Sunday, March 16. 2014
Investigating the EclipseLink Problem
Continuing the investigation of the EclipseLink problem commented in the blog two posts ago a new entry is presented. The post is mainly motivated because I have seen no progress at all neither in the public eclipse bug system nor in the internal request. Throughout the present entry the eclipselink library will be built and tested, and the the problem will be studied in order to try to understand it and present a fix.
The building process is explained in the project wiki page and it is not very complicated:
The git branch for last version 2.5 is cloned (current version is 2.5.2 which is still not released):
git clone -b 2.5 git://git.eclipse.org/gitroot/eclipselink/eclipselink.runtime.git
Once the source is available the compiling process is performed:
cd eclipselink.runtime export JAVA_HOME=/usr/lib/jvm/java-7-openjdk-amd64 export M2_HOME=/usr/share/maven/ ant -f antbuild.xml
Now the bundle can be tested. In the wiki page it is commented that this should be done against MySQL or Oracle DDBB, so I decided to install MySQL in my debian box:
apt-get install mysql-server
And then a database and a user for the testing were created:
create database test; create user 'test'@'localhost' IDENTIFIED BY 'test'; GRANT ALL PRIVILEGES ON test.* TO 'test'@'localhost' WITH GRANT OPTION;
A build.properties file is needed to perform the testing.

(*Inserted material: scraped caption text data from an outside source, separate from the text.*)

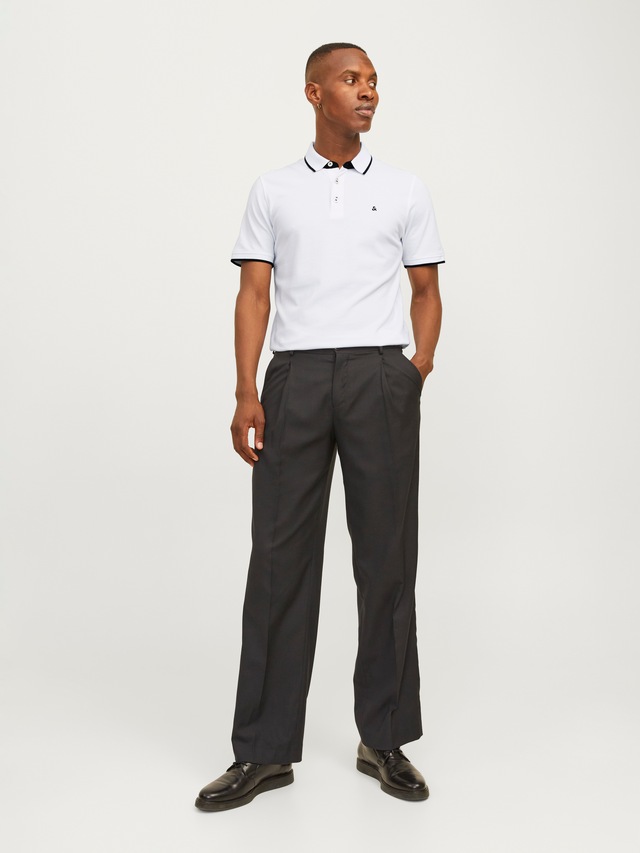Jack & Jones Poloshirt »JJEPAULOS Poloshirt mit klassischem Kragen und figurbetonter Form« Logostickerei, modisch, schmal, Baumwolle, Polokragen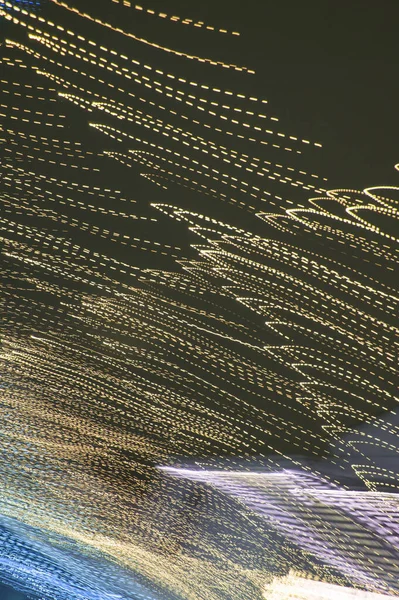 Bewegung defokussiert Linien, abstrakte geheimnisvolle goldene Hintergrund gebrochener Linien, Heiligabend vertikalen Hintergrund, Nordlichter — Stockfoto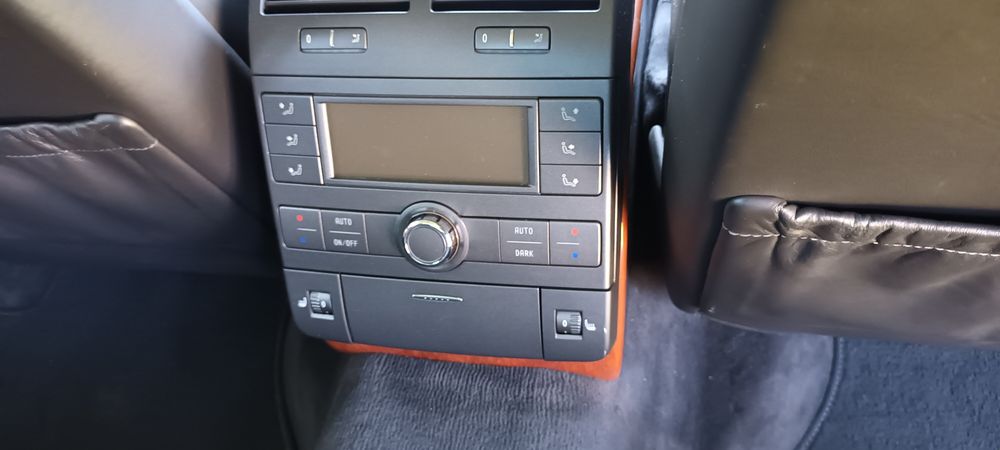 Vw Phaeton 3.0 TDI. 239 коня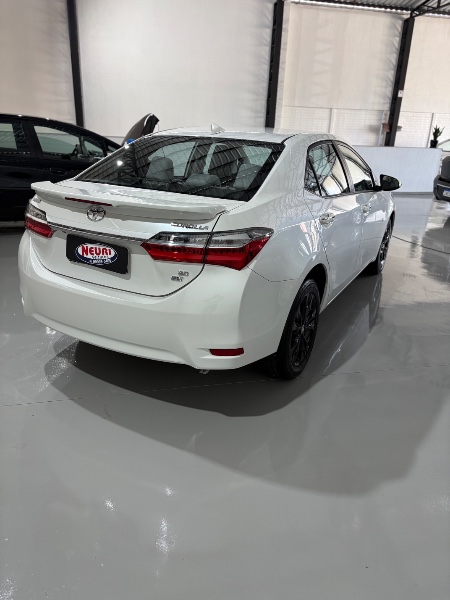 TOYOTA CORALLA XEI 2.0 2018/2018 NEURI VEÍCULOS LAJEADO / Carros no Vale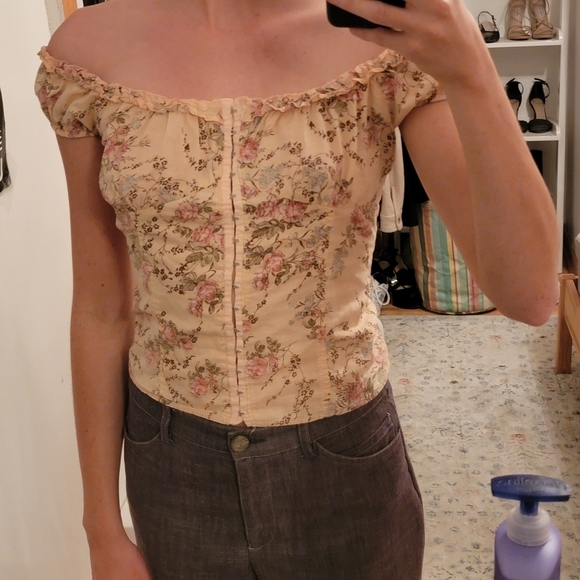 Pink Floral Milkmaid Blouse - Picture 8 of 8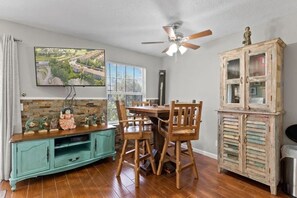 Dining - Cozy Rustic Condo at Fall Creek (Branson)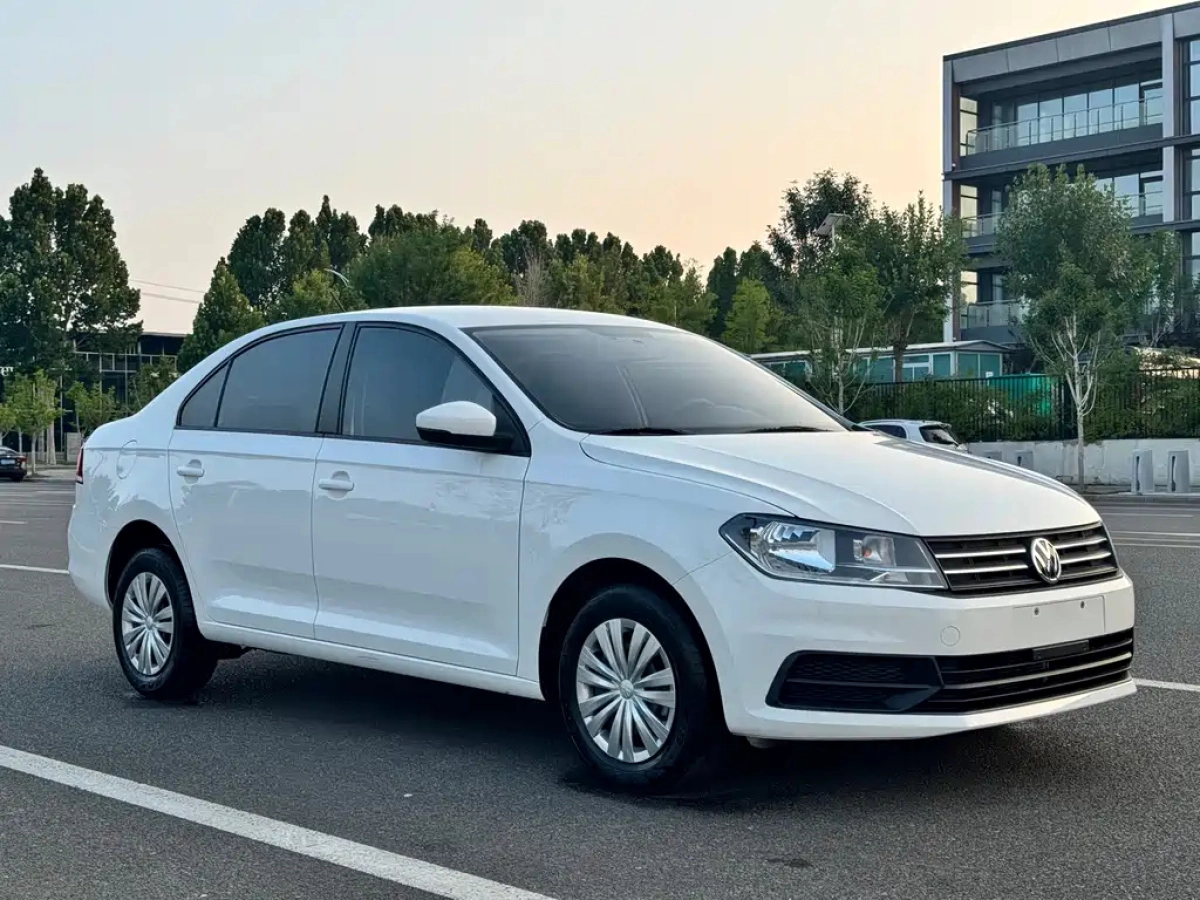 VOLKSWAGEN SANTANA
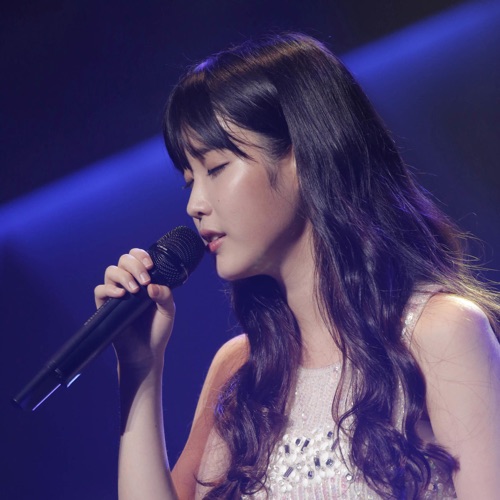 IU 《愛してる – Single – IU》 2012 演唱会 [Live @東京国際フォーラム 2012.09.17]-无损音乐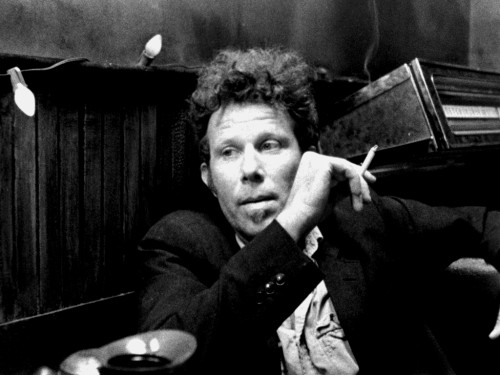 O Tom Waits συγχαίρει τον Bob Dylan για το Νόμπελ: «Καμία φωνή δεν είναι μεγαλύτερη»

In this file the following database connection properties were defined:
extensions.depend.dir=${user.home}/extension.lib.external oracle.extensions.depend.dir=${extensions.depend.dir} junit.lib=/usr/share/maven-repo/junit/junit/4.11/junit-4.11.jar tools.lib=${env.JAVA_HOME}/lib jdbc.driver.jar=/home/ricky/mysql-connector-java-5.1.29-bin.jar db.driver=com.mysql.jdbc.Driver db.url=jdbc:mysql://localhost/test db.user=test db.pwd=test db.platform=org.eclipse.persistence.platform.database.MySQLPlatform
Finally the testing can be started (following wiki instructions I decided to perform test-lrg and test-jpa targets).

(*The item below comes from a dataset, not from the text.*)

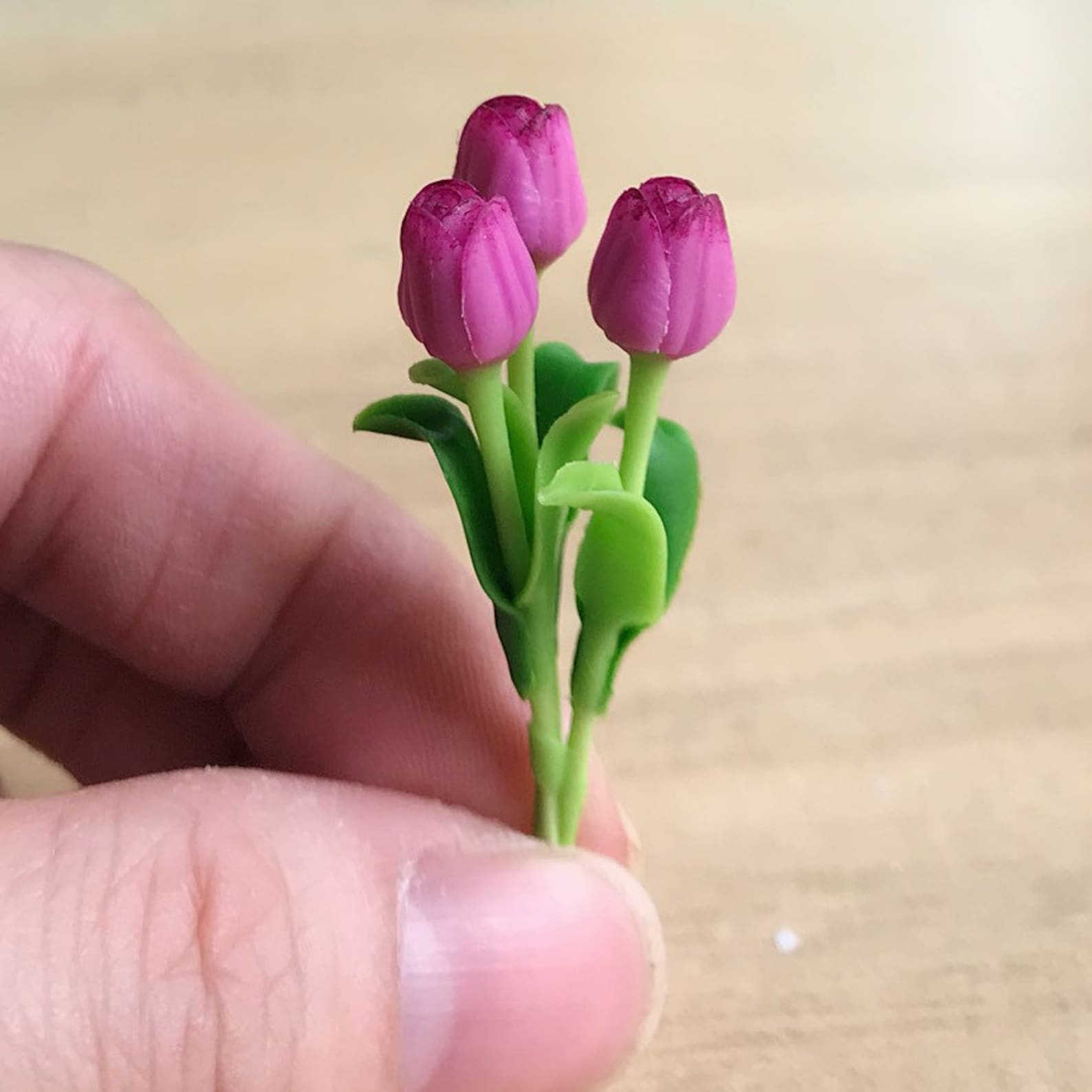 брошь тюльпан полимерная глина. тюльпаны из холодного фарфора. тюльпаны из полимерной глины мастер класс. украшения с тюльпанами из полимерной глины. тюльпан из глины.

ant -f antbuild.xml test-lrg ant -f antbuild.xml test-jpa
The different tests produce an HTML page with the results. Here are the numbers for the default compilation with no modifications done for my specific problem.
Tests Failures Errors Skipped Success Rate Time eclipselink.jpa.wdf.test 1014 0 0 165 100.00% 233.650 eclipselink.jpa.test 3157 0 0 0 100.00% 2780.802 eclipselink.core.test 7541 0 199 0 97.36% 1548.325 eclipselink.sdo.test 4613 0 0 0 100.00% 205.892 eclipselink.moxy.test/oxm 31846 0 0 0 100.00% 364.520 eclipselink.moxy.test/jaxb 20707 0 0 0 100.00% 80.117 The only errors are related to a missing descriptor class and I did not waste any time trying to fix it. The error exception was the following: Exception Description: Fatal query exception occurred. Internal Exception: Exception [EclipseLink-6007] (Eclipse Persistence Services - 2.5.2.qualifier): org.eclipse.persistence.exceptions.QueryException Exception Description: Missing descriptor for [class org.eclipse.persistence.testing.models.employee.domain.Employee]. Query: ReadAllQuery(referenceClass=Employee ).
Once the eclipselink.jar library is compiled and ready, I started to check my problem. First I decided to read the JPA 2.1 specification in order to guess if the test-case is indeed covered by the standard (remember that the test-case reads an entity object from the DDBB with one manager, and then, after closing that manager and using this object as a template, it changes the ID of the object and merges it inside another manager).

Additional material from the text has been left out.